ACUTE DERMAL TOXICITY

No acute toxicity studies by dermal route are available on Disperse Red 054. Nevertheless, the possible absorption rate of the substance by dermal route is not expected to be significant.

In the Commission Regulation (EU) 2016/863, amending Annexes VII and VIII to REACH Regulation (EC 1907/2006), it is explained that recent scientific analysis of available data from in vivo acute toxicity studies have shown that substances that are not toxic via the oral route may be expected with high certainty to be also non-toxic via the dermal route. Therefore, testing those substances via the dermal route does not provide essential information for their safety assessment. The amendment is the consequence of studies and scientific debates. In particular, the 15^th Meeting of Competent Authorities for REACH and CLP (CARACAL, 2014) concluded that the avoidance of a dermal route test is justified for substances that have shown no toxicity in acute oral toxicity test up to the limit dose of 2000 mg/kg bw.

Since during the oral acute toxicity tests no signs of systemic toxicity were recorded, the substance is not expected to be harmful/toxic by dermal route.

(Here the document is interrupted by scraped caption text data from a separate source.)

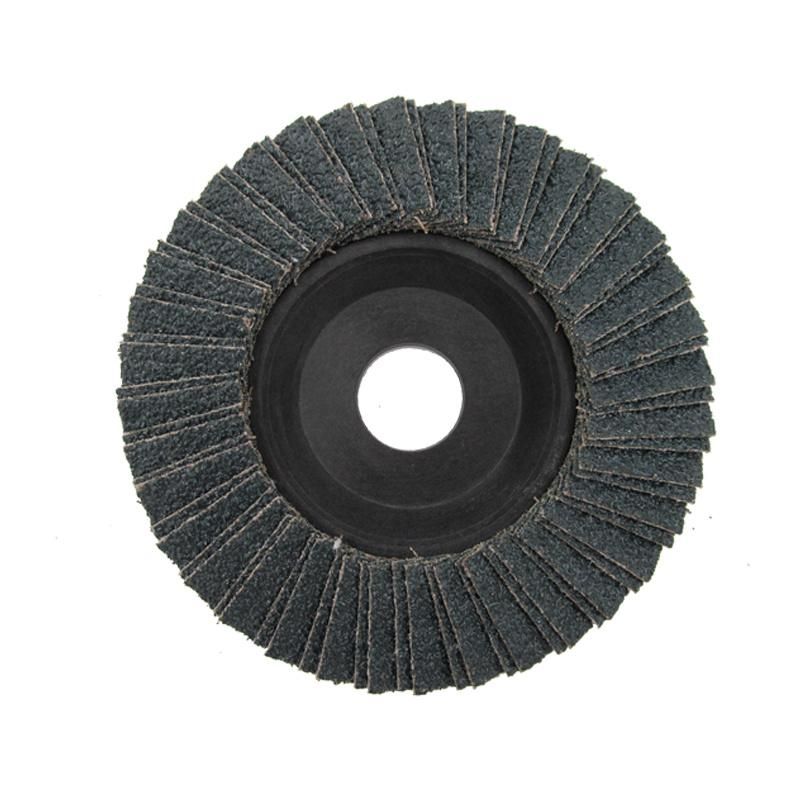 Aluminium Oxide Zirconia Double Flap Disc
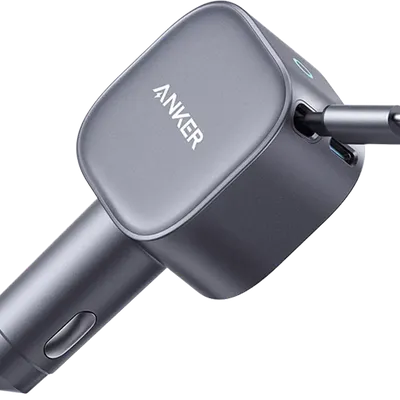 شارژر Anker A2738 Nano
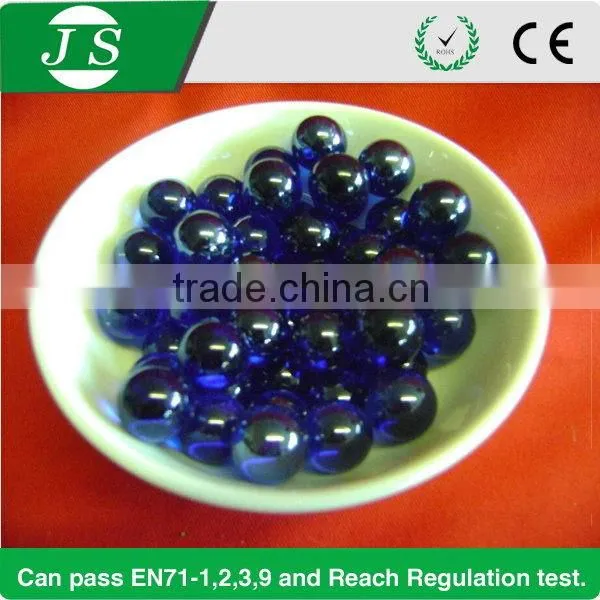 Low price innovative 2014 best selling christmas glass ball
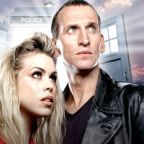 Reviewing Doctor Who (Season One)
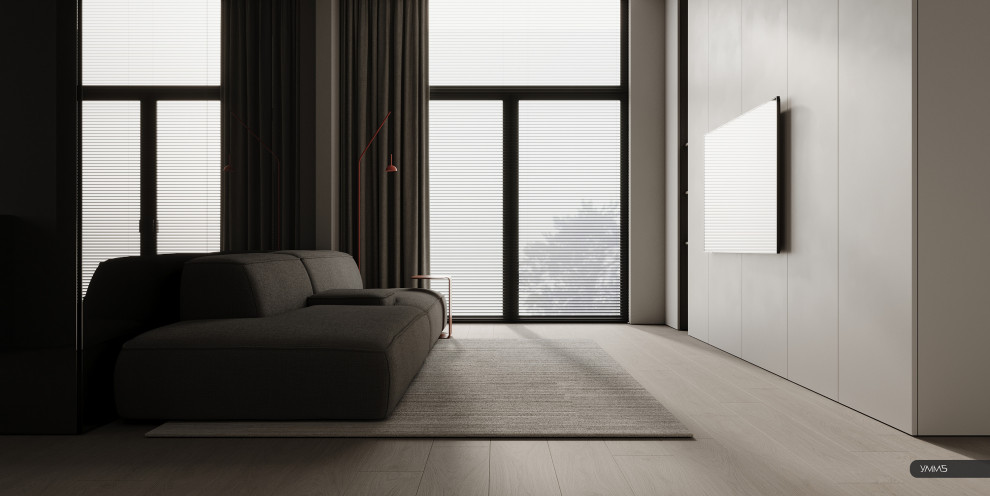 Квартира в ЖК Гриндорф, Зленоградск 79 м2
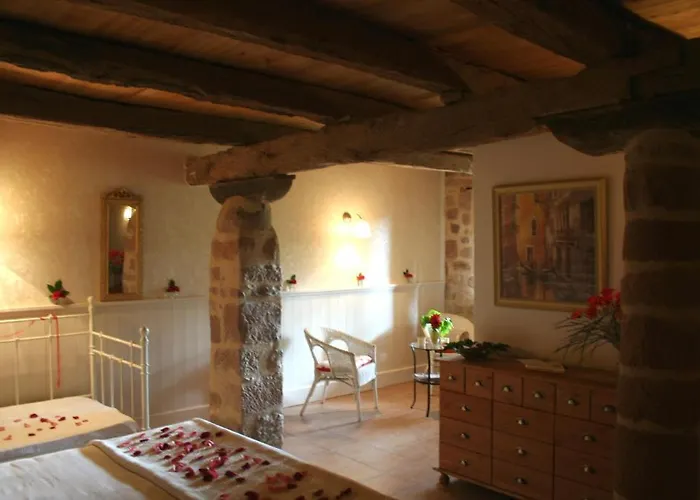 Château Labistoul 4* Campes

Justification for classification or non-classification

According to the CLP Regulation (EC 1272/2008), 3.1 Acute toxicity section, substances can be allocated to one of four toxicity categories based on acute toxicity by the oral, dermal or inhalation route according to the numeric criteria. Acute toxicity values are expressed as (approximate) LD50 (oral, dermal) or LC50 (inhalation) values or as acute toxicity estimates (ATE).

The oral LD50 value was established to be greater than 5000 mg/kg bw, therefore the test substance is out of any classification limit for acute oral toxicity (oral acute toxicity category 4: 300 < ATE ≤ 2000 mg/kg bw).

In conclusion, the test substance does not meet the criteria to be classified for oral acute toxicity, according to the CLP Regulation (EC 1272/2008).